A callback URL is an endpoint that accepts a POST request with Content-Type: application/json. Here's an example of a callback URL:

Merchants are free to decide how they would name or nest their callback URL. To assign a designated URL to your application, please see the Merchant Getting Started Guide. A payload delivered to this URL follows this convention:

{
  "event": {
    "name": "invoice.name",
    "data": {
        "id": "invoice_id",
        "currency": "PHP",
        "amount": "100",
        "amount_received": "0",
        "external_transaction_id": "1"
        }
    }
}

Payload Description

  • name: The name of the invoice event that occurred. Events are further described in the table that follows after this section.
  • data: Contains properties that are specific to the particular event that triggered.
  • id: Unique invoice identifier. This is the invoice related to the payment request.
  • currency: The currency of the amount.
  • amount: The amount of the transaction.
  • amount_received: The amount already received as payment for the transaction.
  • external_transaction_id: An identifier provided by the merchant during the creation of the transaction. This identifier usually represents an item in the merchant's system.

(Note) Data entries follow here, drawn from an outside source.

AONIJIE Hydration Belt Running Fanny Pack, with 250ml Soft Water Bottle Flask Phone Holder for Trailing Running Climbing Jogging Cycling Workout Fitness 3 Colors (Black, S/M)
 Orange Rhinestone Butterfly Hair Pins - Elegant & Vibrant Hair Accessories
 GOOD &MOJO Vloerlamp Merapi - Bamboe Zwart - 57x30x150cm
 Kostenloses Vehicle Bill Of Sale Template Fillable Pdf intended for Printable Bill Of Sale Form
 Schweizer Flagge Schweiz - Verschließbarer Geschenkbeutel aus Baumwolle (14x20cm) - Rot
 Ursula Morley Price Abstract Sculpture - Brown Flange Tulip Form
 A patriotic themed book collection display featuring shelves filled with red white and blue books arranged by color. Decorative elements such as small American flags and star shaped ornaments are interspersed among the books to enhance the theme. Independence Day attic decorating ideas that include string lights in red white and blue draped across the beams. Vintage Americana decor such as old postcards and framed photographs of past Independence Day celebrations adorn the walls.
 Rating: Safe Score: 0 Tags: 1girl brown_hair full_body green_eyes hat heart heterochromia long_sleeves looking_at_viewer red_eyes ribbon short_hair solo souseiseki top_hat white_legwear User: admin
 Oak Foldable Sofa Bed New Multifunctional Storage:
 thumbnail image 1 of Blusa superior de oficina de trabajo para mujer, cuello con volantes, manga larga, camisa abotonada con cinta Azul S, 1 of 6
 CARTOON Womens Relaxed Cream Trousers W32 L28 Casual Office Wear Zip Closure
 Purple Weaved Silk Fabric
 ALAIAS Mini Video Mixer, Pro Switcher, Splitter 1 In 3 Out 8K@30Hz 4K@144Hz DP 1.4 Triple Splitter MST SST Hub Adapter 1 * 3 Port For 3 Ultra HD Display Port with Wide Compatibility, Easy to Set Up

Events which may be consumed by callbacks are described at the following table:

Event NameEvent Description
invoice.createdThe invoice has been created.
invoice.updatedThe invoice has been updated. This can happen due to the invoice receiving payment or due to expiration of guaranteed rate for Bitcoin payments.
invoice.fully_paidThe invoice is has been complete.

Authorization

Callbacks strictly require an HTTPS endpoint with a valid SSL certificate. This simplifies the authentication mechanism used by the callback, which is a shared secret contained in the request header sent to your endpoint: Authorization: Token MERCHANT_API_TOKEN. You should check if the MERCHANT_API_TOKEN is the same as the one defined in your dashboard. If it differs, it means that the request is not from an authorized source. This also means that you should not share your MERCHANT_API_TOKEN to prevent unauthorized sources from sending fake callback events.